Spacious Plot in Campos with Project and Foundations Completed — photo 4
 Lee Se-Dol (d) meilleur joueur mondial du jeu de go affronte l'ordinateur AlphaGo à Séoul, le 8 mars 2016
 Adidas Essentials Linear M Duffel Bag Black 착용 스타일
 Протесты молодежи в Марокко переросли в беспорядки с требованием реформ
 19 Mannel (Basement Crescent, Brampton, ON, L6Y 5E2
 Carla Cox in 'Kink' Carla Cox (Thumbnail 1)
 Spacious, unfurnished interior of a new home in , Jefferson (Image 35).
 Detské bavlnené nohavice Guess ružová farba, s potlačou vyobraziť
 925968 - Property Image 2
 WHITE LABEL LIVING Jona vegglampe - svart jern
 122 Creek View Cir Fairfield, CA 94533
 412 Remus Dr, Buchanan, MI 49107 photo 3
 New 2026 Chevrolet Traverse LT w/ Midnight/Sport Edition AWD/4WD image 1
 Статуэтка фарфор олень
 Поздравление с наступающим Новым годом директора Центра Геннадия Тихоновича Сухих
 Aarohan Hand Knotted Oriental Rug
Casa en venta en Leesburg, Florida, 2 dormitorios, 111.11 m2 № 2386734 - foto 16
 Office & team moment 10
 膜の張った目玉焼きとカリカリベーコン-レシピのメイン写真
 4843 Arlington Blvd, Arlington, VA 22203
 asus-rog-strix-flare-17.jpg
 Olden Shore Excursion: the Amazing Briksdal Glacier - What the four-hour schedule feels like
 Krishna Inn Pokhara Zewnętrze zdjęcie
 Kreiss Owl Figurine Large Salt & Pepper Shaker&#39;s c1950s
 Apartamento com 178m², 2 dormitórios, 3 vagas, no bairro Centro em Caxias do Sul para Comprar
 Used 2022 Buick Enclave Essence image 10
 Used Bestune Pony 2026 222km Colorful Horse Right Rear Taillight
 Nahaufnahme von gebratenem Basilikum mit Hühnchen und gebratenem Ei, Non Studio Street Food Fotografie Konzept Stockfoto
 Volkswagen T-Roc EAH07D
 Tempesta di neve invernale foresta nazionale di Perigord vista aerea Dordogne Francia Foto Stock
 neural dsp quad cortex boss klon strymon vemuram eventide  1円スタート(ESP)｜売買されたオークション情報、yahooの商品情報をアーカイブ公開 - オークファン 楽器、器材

== EXERCISE REQUIREMENTS ==
The response must consist solely of the lines from the top of the records through the line holding "Olden Shore Excursion: the", copied word for word.

== ANSWER FOR THIS EXERCISE ==
Spacious Plot in Campos with Project and Foundations Completed — photo 4
 Lee Se-Dol (d) meilleur joueur mondial du jeu de go affronte l'ordinateur AlphaGo à Séoul, le 8 mars 2016
 Adidas Essentials Linear M Duffel Bag Black 착용 스타일
 Протесты молодежи в Марокко переросли в беспорядки с требованием реформ
 19 Mannel (Basement Crescent, Brampton, ON, L6Y 5E2
 Carla Cox in 'Kink' Carla Cox (Thumbnail 1)
 Spacious, unfurnished interior of a new home in , Jefferson (Image 35).
 Detské bavlnené nohavice Guess ružová farba, s potlačou vyobraziť
 925968 - Property Image 2
 WHITE LABEL LIVING Jona vegglampe - svart jern
 122 Creek View Cir Fairfield, CA 94533
 412 Remus Dr, Buchanan, MI 49107 photo 3
 New 2026 Chevrolet Traverse LT w/ Midnight/Sport Edition AWD/4WD image 1
 Статуэтка фарфор олень
 Поздравление с наступающим Новым годом директора Центра Геннадия Тихоновича Сухих
 Aarohan Hand Knotted Oriental Rug
Casa en venta en Leesburg, Florida, 2 dormitorios, 111.11 m2 № 2386734 - foto 16
 Office & team moment 10
 膜の張った目玉焼きとカリカリベーコン-レシピのメイン写真
 4843 Arlington Blvd, Arlington, VA 22203
 asus-rog-strix-flare-17.jpg
 Olden Shore Excursion: the Amazing Briksdal Glacier - What the four-hour schedule feels like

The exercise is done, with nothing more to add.